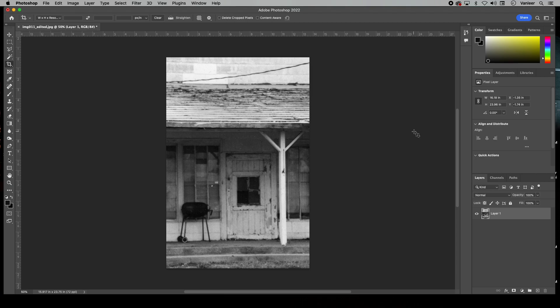And that's how you straighten a photo quickly with the Crop Tool and the Straighten feature in Adobe Photoshop. Thank you.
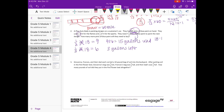They used 15, so 18 minus 15 is three — they have three pints left. They need seven and three-fourths for the next design but only have three left. So we need to figure out how much more to buy: seven and three-fourths minus three equals four and three-fourths. They need four and three-fourths pints of blue paint.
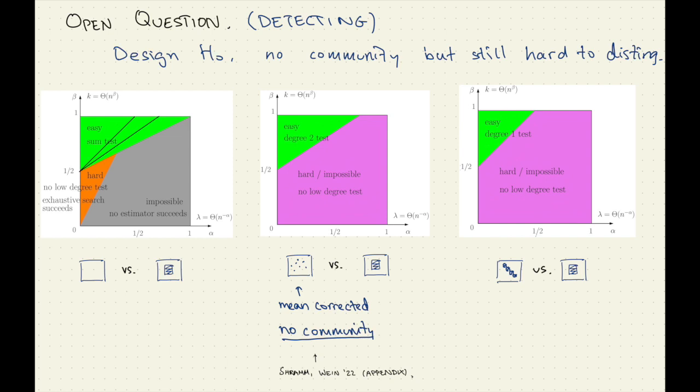It would be really nice to have some H-naught which is not obviously community structure. We fooled things by — we couldn't tell this apart from some other bunch of communities. But if you design some different H-naught that doesn't look like a bunch of communities, and it was still just as hard to tell apart from this one planted community, I think that would be really nice.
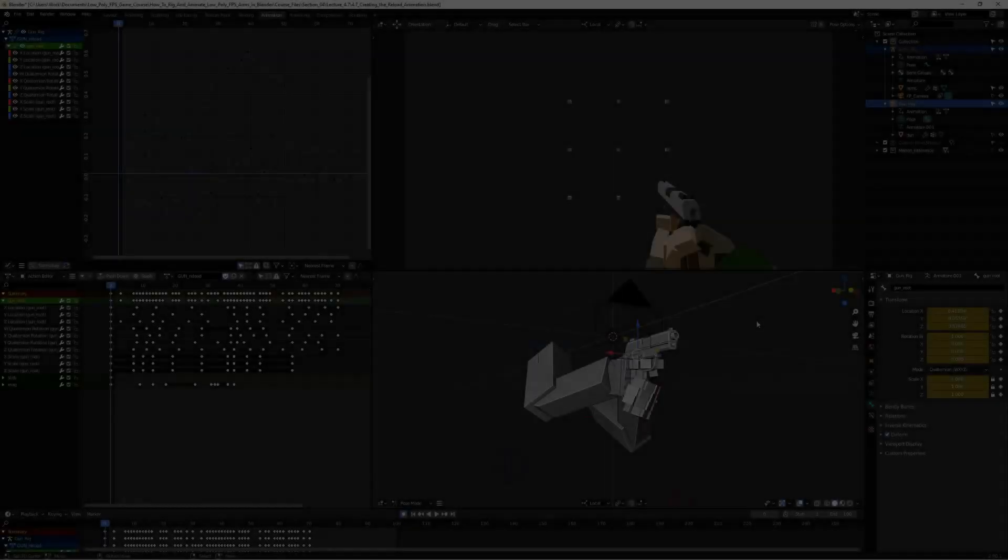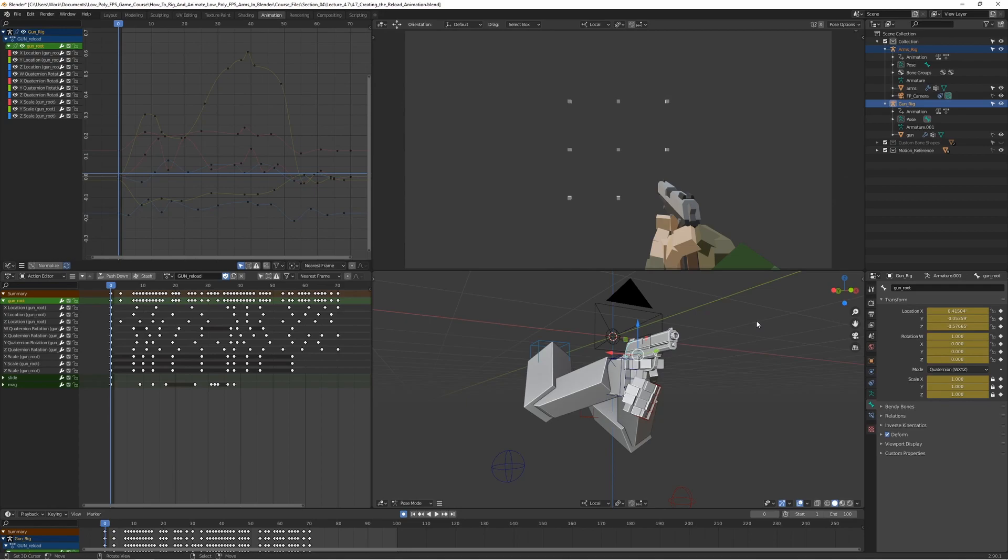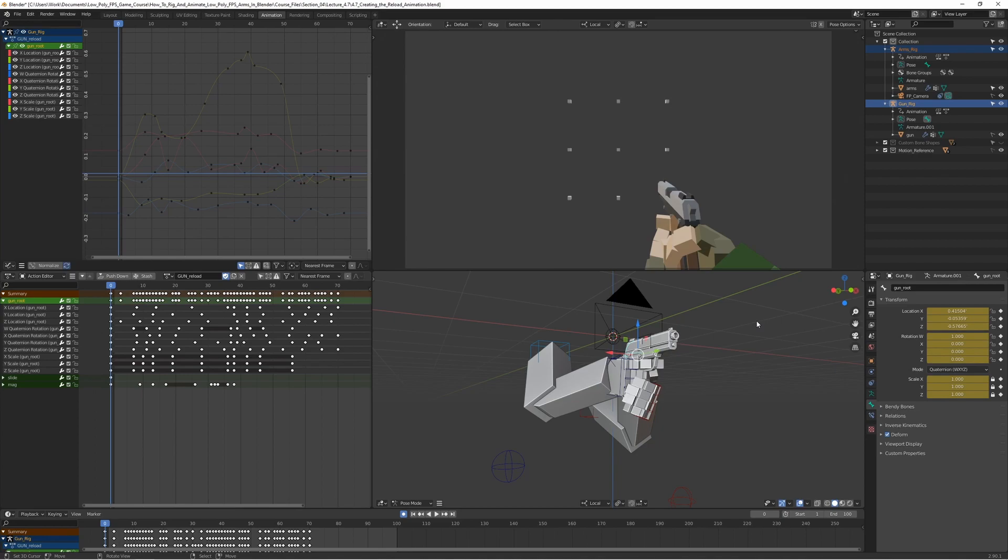All right, so we just finished the last lecture of the course and we now have our finished and animated rig. I was thinking I would make this last quick lecture here to wrap things up and add some finishing thoughts.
_ _ _ _ _
__Instructions to follow__: Give again exactly the lines running from the beginning of the material above through the line that contains "It would be", and leave out every picture.

__Response below__:
And that's how you straighten a photo quickly with the Crop Tool and the Straighten feature in Adobe Photoshop. Thank you.
They used 15, so 18 minus 15 is three — they have three pints left. They need seven and three-fourths for the next design but only have three left. So we need to figure out how much more to buy: seven and three-fourths minus three equals four and three-fourths. They need four and three-fourths pints of blue paint.
It would be really nice to have some H-naught which is not obviously community structure. We fooled things by — we couldn't tell this apart from some other bunch of communities. But if you design some different H-naught that doesn't look like a bunch of communities, and it was still just as hard to tell apart from this one planted community, I think that would be really nice.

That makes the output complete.